# Azure Kubernetes clusters summary in Grafana

When managing multiple kubernetes clusters / AKS in azure, it is good to know the state / size of all kubernetes clusters in single place like grafana dashboard. In this post, I will be explaining the easiest way to get the state of all the clusters across all of your Azure subscriptions in Grafana.

We are going to use Azure Resource Graph to get the results. To get the azure resource graph results in grafana, I am using Grafana Azure Datasource plugin. You can also use the queries wihtout grafana in Azure dashboard.

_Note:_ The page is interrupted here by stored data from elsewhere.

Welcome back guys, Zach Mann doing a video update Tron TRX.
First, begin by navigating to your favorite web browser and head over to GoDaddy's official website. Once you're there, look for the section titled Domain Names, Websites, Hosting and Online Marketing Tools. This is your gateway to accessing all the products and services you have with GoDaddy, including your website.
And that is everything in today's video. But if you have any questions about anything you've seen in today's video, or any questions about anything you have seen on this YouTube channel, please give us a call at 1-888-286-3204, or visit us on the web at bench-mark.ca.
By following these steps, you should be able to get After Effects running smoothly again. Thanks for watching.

Below is the screenshot of the Grafana dashboard.

Image from alias

# Pre-Requisites

  • Reader access to the necessary subscription ( in case of using with Grafana, need a SPN with Reader access to the subscription )
  • Grafana 5.2.x or newer
  • Grafana Azure Datasource plugin

# Setup

Once installed the Grafana and Grafana azure data source plugin, You need to configure the SPN as the datasource for Grafana. Then like any other grafana dashboard, you can query the Azure Resoruce Graph in grafana.

# Azure Resource Graph queries

Below is the list of azure resource graph queries I am using in the dashboard.

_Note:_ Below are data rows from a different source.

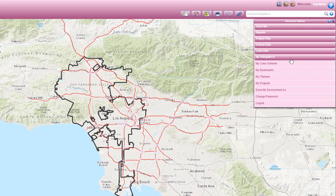You can also get a quick My Navigate LA summary by clicking on the Help button in the top right corner of the Advanced Options panel.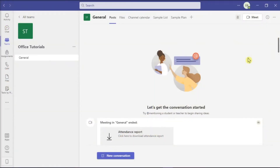Microsoft Teams is the ultimate messaging application for your organization, a workspace for real-time collaboration and communication, meetings, file, and application sharing. But if you want to turn off Teams email notifications when receiving messages, you can follow these easy steps to learn how.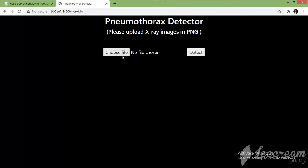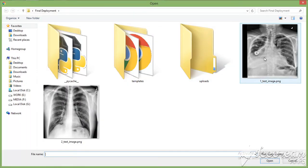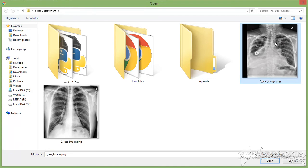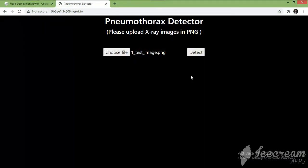Let's choose an image. You can see there are two images for testing — I will choose this first image. Before passing it to the model, we can see that it is difficult for us humans to say whether the disease is present or not by simply looking at the X-ray.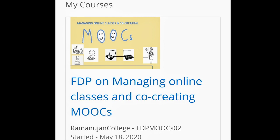Good afternoon everyone. I am Gansham Bhaviska, Associate Professor in English, and I'm here to share my experiences about the Faculty Development Program. The title of the course is on the screen. At the outset, I must thank all the organizers of Ramanujan College for organizing this FDP for teachers. This is a wonderful opportunity that they have provided to teachers across the nation.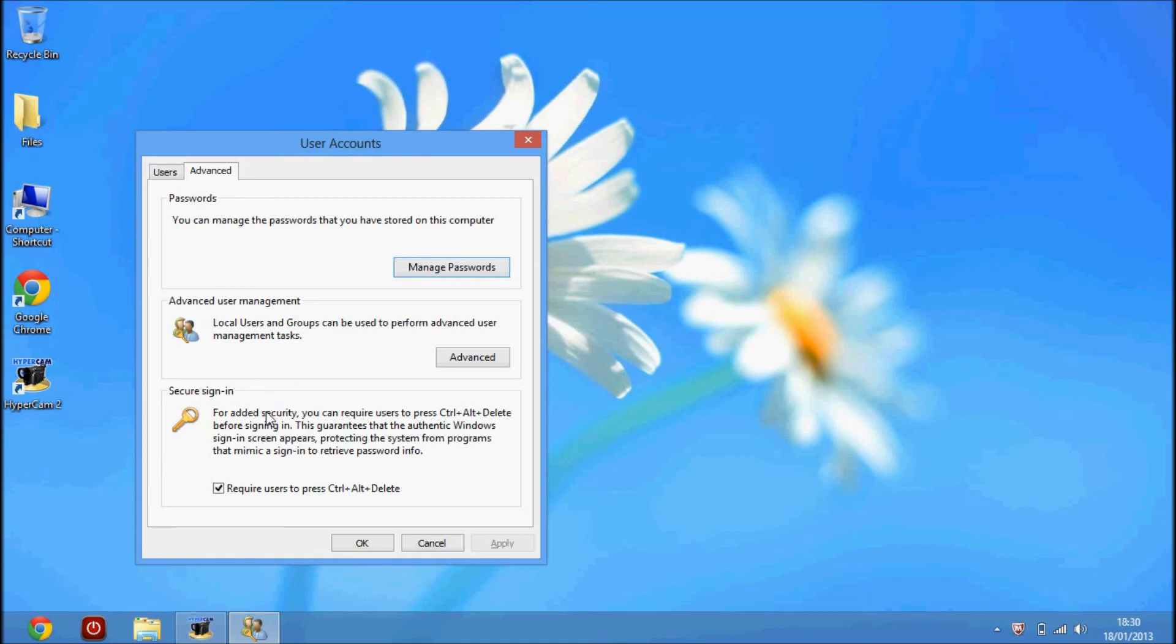This guarantees that the authentic Windows sign-in screen appears, protecting the system from programs that mimic a sign-in to retrieve password information.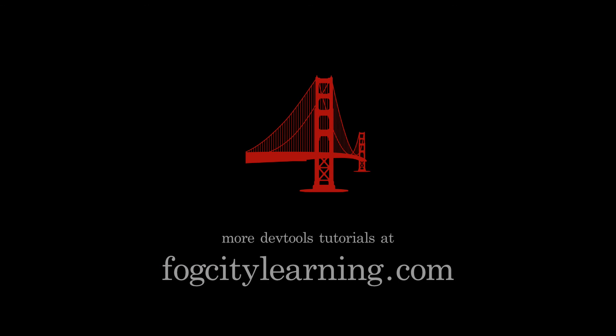You can check out more great DevTools tutorials at fogcitylearning.com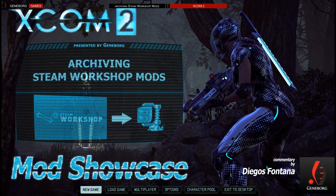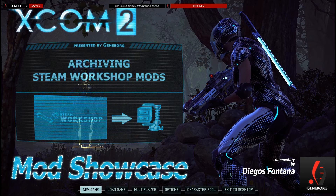Hello and welcome to a new episode about XCOM 2. This time we show you how to save Steam Workshop mods and use them manually without the Workshop. Doing this opens up the possibility to save and use Workshop exclusive mods in your own mod lists.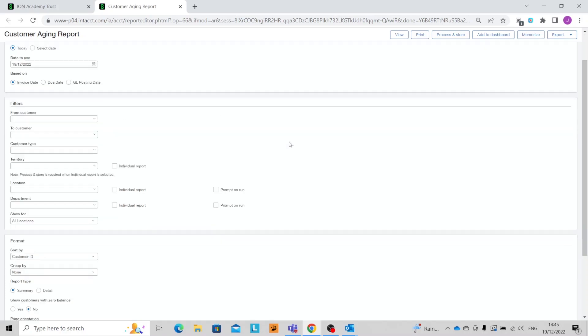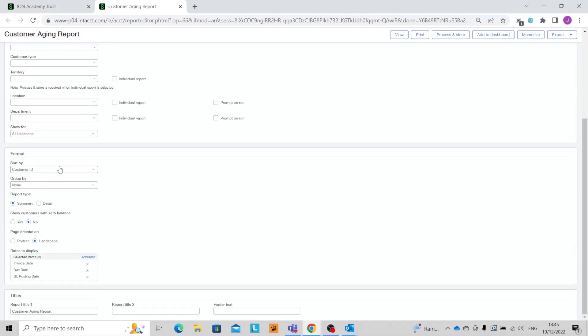We can of course select a range of customers or customer types, locations and departments, and we can also change the report type to either be summary or detail.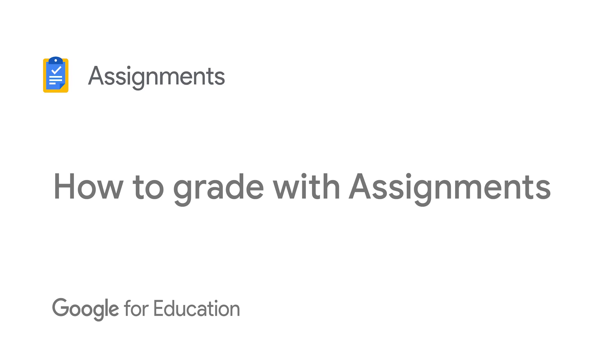This tutorial will walk you through the time-saving grading features within Google Assignments.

# Total Number of AKS Clusters

resources
| where type contains "microsoft.containerservice/managedclusters"
| count

# Total number of AKS Clusters by Kubernetes version

resources 
| where type contains "microsoft.containerservice/managedclusters" 
| extend cluster_version = tostring(properties.kubernetesVersion)
| summarize count = count() by cluster_version
| order by cluster_version asc

# Total Number of AKS Clusters by Subscription

ResourceContainers  
| where type=="microsoft.resources/subscriptions"  
| project SubscriptionName = name, subscriptionId 
| join ( 		
        resources 
        | where type contains "microsoft.containerservice/managedclusters"
        | summarize number_of_resosurces = count() by subscriptionId	
    ) on subscriptionId  
| project-away subscriptionId,subscriptionId1 
| project SubscriptionName, count = number_of_resosurces
| order by ["count"] desc

# Total number of AKS Clustes grouped by tags

Following query assumes you have either stage or Stage tag in your AKS Clster and trying to summarize the count by that tag value.

resources
| where type contains "microsoft.containerservice/managedclusters" 
| extend stage = strcat(tags.stage, tags.Stage)
| extend stage = iff(isempty(stage), 'Unknown', stage)
| summarize count = count() by stage

# Cluster Size information by Agent Pool

resources
| where type contains "microsoft.containerservice/managedclusters"
| mv-expand agentPoolProfile = properties.agentPoolProfiles
| extend agentPoolId = strcat(name," / ", agentPoolProfile.name)
| project 
    agent_pool_name = agentPoolId , 
    nodes_count = agentPoolProfile["count"], 
    minCount = agentPoolProfile["minCount"],
    maxCount = agentPoolProfile["maxCount"],
    enableAutoScaling = agentPoolProfile["enableAutoScaling"],
    maxPods = agentPoolProfile["maxPods"], 
    vmSize = agentPoolProfile["vmSize"], 
	poolType = agentPoolProfile["type"],
    osDiskSizeGB = agentPoolProfile["osDiskSizeGB"]

# Total Nodes count

resources
| where type contains "microsoft.containerservice/managedclusters"
| mv-expand agentPoolProfile = properties.agentPoolProfiles
| summarize total_nodes = sum(toint(agentPoolProfile["count"]))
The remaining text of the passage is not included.